In June, the sun came out in all its glory with lots of warmth. July and August brought almost tropical temperatures with intermittent, heavy rainfall and the crops took off with abandon. My heirloom tomatoes grew so fast they cracked with the uneven rainfall. There were even bumper crops of eggplants and peppers, vegetables which normally don’t produce much fruit especially in the cooler pockets of Vermont. Sweet corn and silage corn were also having a field day with the heat and rainfall.

Come fall, apples were firming up and filling out but not ripening with color due to the warm temperatures. Nick Coles of Shelburne Orchards told me they had to pick the fruit even though the apples were still too green. The window of opportunity to harvest apples doesn’t last that long – about a month on average – for the main apple varieties like McKintosh.

And it wasn’t just the apples that didn’t turn red. The maple leaves were not turning into the colors we so treasure in Autumn. October was a disaster for leaf peeping. As in May, it rained and rained – a cold rain that made life rather miserable for anyone working outside. It was like English winter weather – cold to the bone, wet and gray.

By early November, the ground was so saturated that my friend, Robert King, who lives on Putney Mountain, was having trouble pulling cabbages, and beets and turnips from the earth and digging carrots and potatoes to place in his root cellar. Robert’s soil is a heavy clay. His boots were sinking down into the mud and getting stuck.

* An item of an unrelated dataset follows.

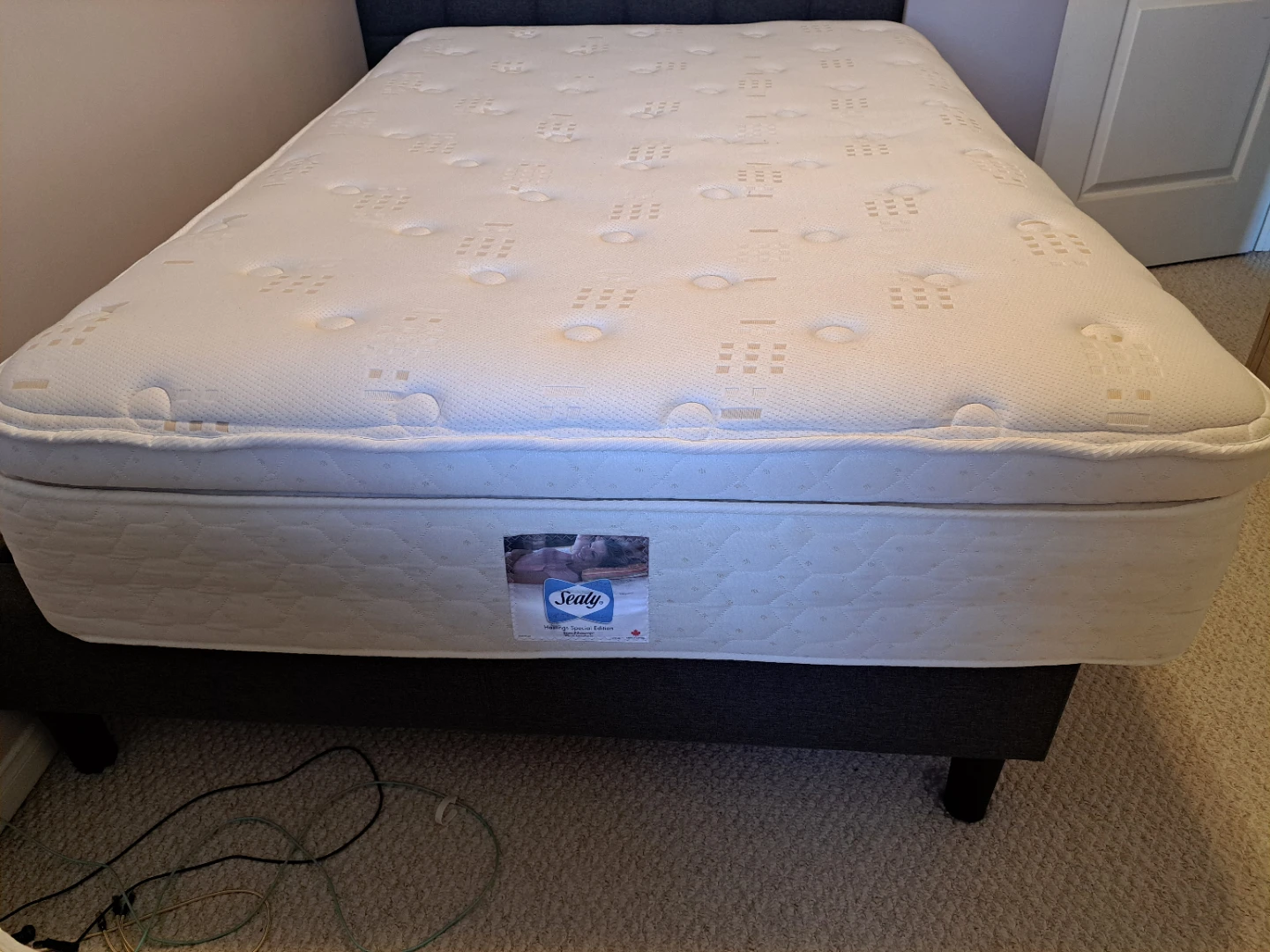 Sealy Double size Mattress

The wet conditions also made it hard for farmers to spread manure. In Vermont, farmers are required to spread manure on their fields by December 15th. If they don’t spread it in time, they could run out of storage space for the effluent later in winter.

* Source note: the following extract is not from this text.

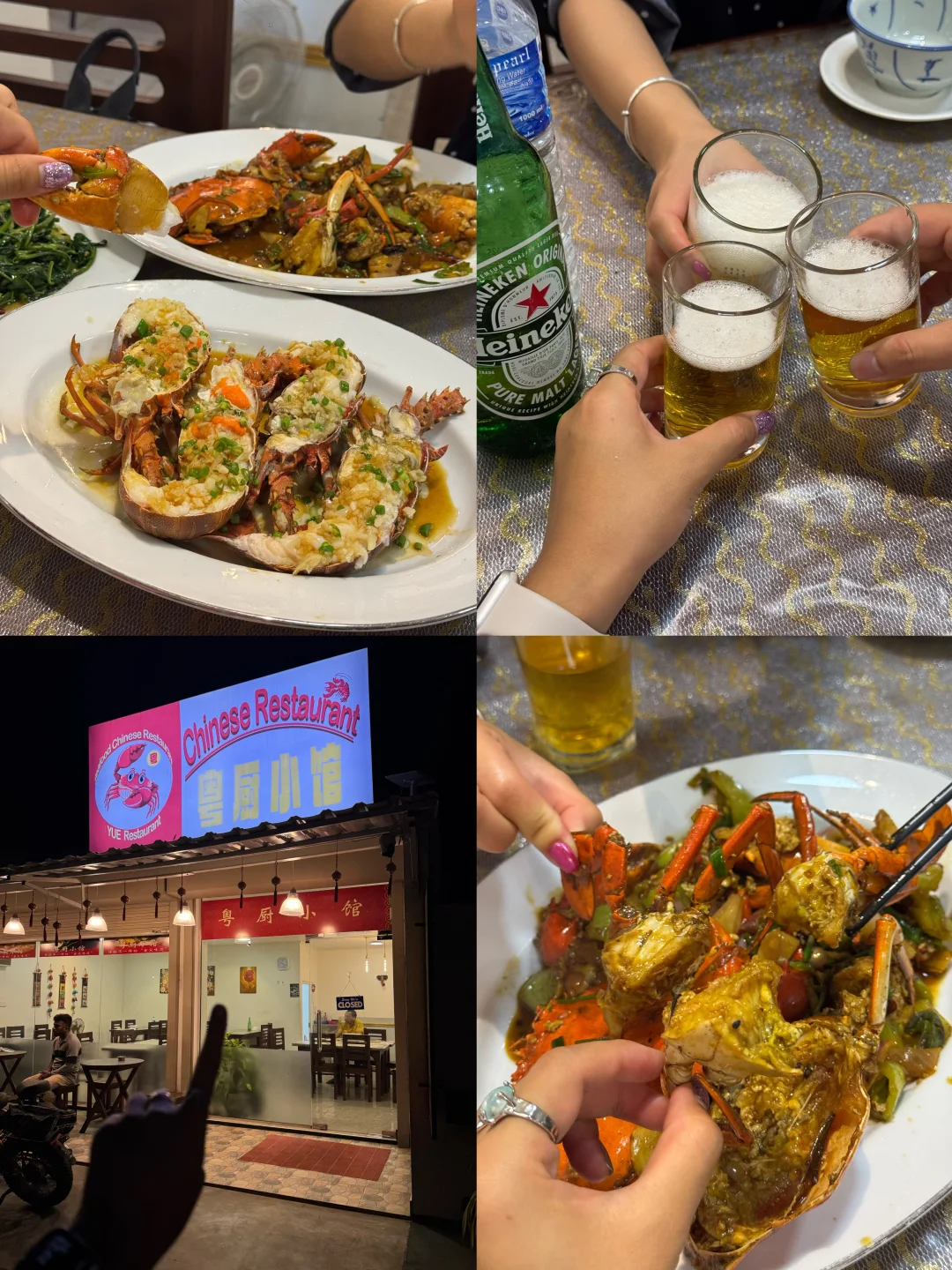 斯里兰卡🇱🇰8天环岛游攻略🧳人均4k！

Early grapes did well with lots of sweetness but the late varieties lost flavor due to excess moisture. And while I guess we have to take the good with the bad, I wonder what 2006 will bring. In the meantime, stay warm and start perusing those colorful garden catalogs.

This is Ron Krupp, the Northern gardener.

Ron Krupp is a gardener and author who lives near Lake Champlain on Shelburne Bay.